As the word why is always a dominant one in Hunt’s classroom, many may feel compelled to ask what has made him so dedicated to his career throughout his 50 years as a teacher. While the true answer may be only known to Hunt himself, anyone who has been in Hunt’s presence will notice the passion for learning and sharing his knowledge. 

“One of the nice things about education is while we will never become rich, we have the privilege of working with other educated people and working with people who deal with ideas constantly and inspire us to think,” reflected Hunt. “It’s been a wonderful profession for me. When you change schools, you think ‘this time I’m here for a job’ and all of a sudden you get teary when you leave.”

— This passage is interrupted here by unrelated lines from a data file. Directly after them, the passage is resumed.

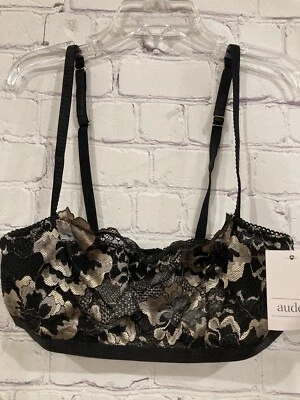 Auden Womens Size XS All Over Lace Bralette Bra Black Gold Adjustable Straps NWT - Image 1 of 4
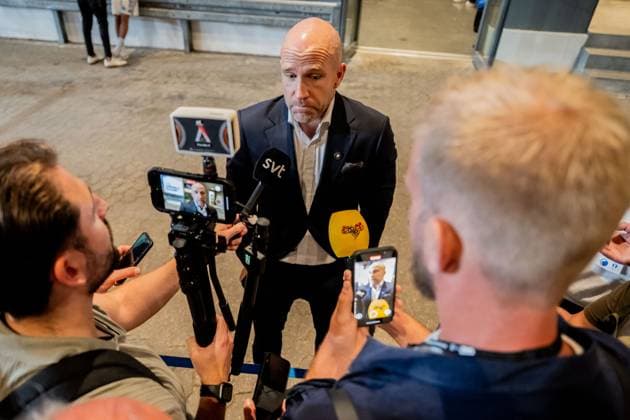 250812 Head coach Henrik Rydström of Malmö FF is being interviewed in the mixed zone after the UEFA Champions League qualifier football match between FC Copenhagen and Malmö FF on August 12, 2025 in Copenhagen Photo Petter Arvidson BILDBYRAN kod PA PA1061 fotboll football soccer fotball uefa champions league champions league fc copenhagen malmö ff bbeng kval fc köpenhamn  Copyright: PETTERxARVIDSON BB250812PA155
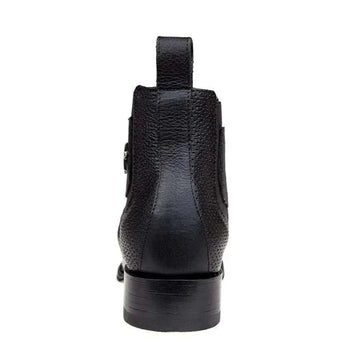 Los Altos Men's Wide Square Toe Caiman Belly Short Boots - Black - Image 6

In his retirement, Hunt plans to pursue his enthusiasm for traveling and learning Spanish, as well as doing volunteer work. The positive and encouraging attitude Hunt brings to the school is palpable. His 50 years in the classroom have been a gift to a myriad of students in South Florida.

“Mr. Hunt has been my classroom roommate and one of my best buddies for twelve years,” said IB Coordinator Jan Patterson. “He will be extremely missed by both his students and fellow faculty. For him, teaching is truly a passion.”